Re-read you first sentence. If you have weak hams and hips, fix that problem. Get those up to par and your form will imrove dramatically. I would still contunue to do your ME work heavy no matter how ugly it gets.

The change I would recommend would be in your DE work. I would have you do 15-20 sets of DE squats and fix your technique there. I used to do the same thing you do and my ass would shoot up. Well, Gritter got pissed at me and made me change my form on DE day. I used 315 and a green band and did 15-20 sets. The weight was very light for me, so I could focus on my technique. The ME work kept my strength up. It made huge difference in my technique. As a side note I went to a meet and squatted a PR using just the 315 and a green band.
 
flapwrlftr said:
Re-read you first sentence. If you have weak hams and hips, fix that problem. Get those up to par and your form will imrove dramatically. I would still contunue to do your ME work heavy no matter how ugly it gets.

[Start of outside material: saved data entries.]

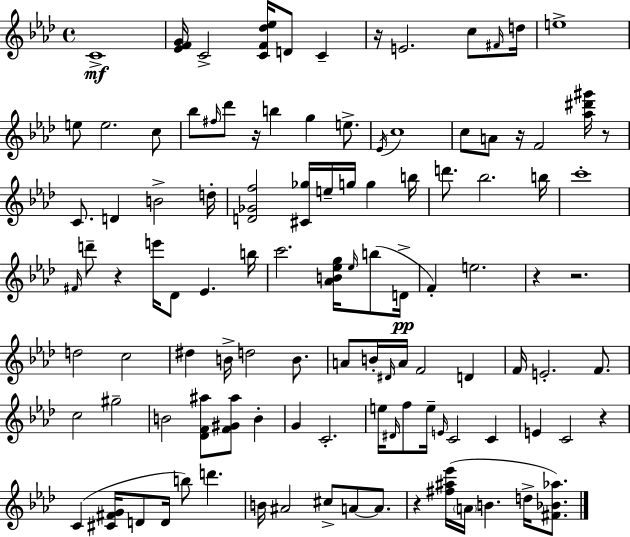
{
  \clef treble
  \time 4/4
  \defaultTimeSignature
  \key aes \major
  c'1->\mf | <ees' f' g'>16 c'2-> <c' f' des'' ees''>16 d'8 c'4-- | r16 e'2. c''8 \grace { fis'16 } | d''16 e''1-> | \break e''8 e''2. c''8 | bes''8 \grace { fis''16 } des'''8 r16 b''4 g''4 e''8.-> | \acciaccatura { ees'16 } c''1 | c''8 a'8 r16 f'2 | \break <aes'' dis''' gis'''>16 r8 c'8. d'4 b'2-> | d''16-. <d' ges' f''>2 <cis' ges''>16 e''16-- g''16 g''4 | b''16 d'''8. bes''2. | b''16 c'''1-. | \break \grace { fis'16 } d'''8-- r4 e'''16 des'8 ees'4. | b''16 c'''2. | <aes' b' ees'' g''>16 \grace { ees''16 }( b''8 d'16->\pp f'4-.) e''2. | r4 r2. | \break d''2 c''2 | dis''4 b'16-> d''2 | b'8. a'8 b'16-. \grace { dis'16 } a'16 f'2 | d'4 f'16 e'2.-. | \break f'8. c''2 gis''2-- | b'2 <des' f' ais''>8 | <f' gis' ais''>8 b'4-. g'4 c'2.-. | e''16 \grace { dis'16 } f''8 e''16-- \grace { e'16 } c'2 | \break c'4 e'4 c'2 | r4 c'4( <cis' fis' g'>16 d'8 d'16 | b''8) d'''4. b'16 ais'2 | cis''8-> a'8~~ a'8. r4 <fis'' ais'' ees'''>16( \parenthesize a'16 b'4. | \break d''16-> <fis' bes' aes''>8.) \bar "|."
}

The change I would recommend would be in your DE work. I would have you do 15-20 sets of DE squats and fix your technique there. I used to do the same thing you do and my ass would shoot up. Well, Gritter got pissed at me and made me change my form on DE day. I used 315 and a green band and did 15-20 sets. The weight was very light for me, so I could focus on my technique. The ME work kept my strength up. It made huge difference in my technique. As a side note I went to a meet and squatted a PR using just the 315 and a green band.

Thanks...I know I definitely still need to be working on hams and hips, as well as flexibility.

I like the DE idea. I assume you mean 15-20 sets of 2, like a normal DE day?

This past Sunday was our DE squat day. My meet record is 325, and I was using 155+pinks. My form was good until my 4th set, then I started to get fatigued, and my form went to crap. Should I go light enough that I can avoid fatigue throughout all 15-20 sets?
 
Use 135 and the pink band. It's when you get fatigued that the sets really start to count. That is when you need to focus on your technique. Spatts and Hannibal should be all over you butt about your technique. Yes, 15-20 sets of 2 reps. You will need to cut down on the rest of your workout as this will be a kick in the balls.
 
Spatts & Project-

Ive missed to talkng to you good people. Just wondering if you have one of those front SQ harnesses. What little exp. Ive had with that creature makes you really work on form, or else the F'r will pull you the hell over.

If you find something that seems to work well, lemme know..as I have basically the same probs as Project.


Flapwrlftr-Are you Bob Y that used to post on John Troxels board a few years back. If so I remember reading that you were moving to Fla, but lost track of which board you have been on.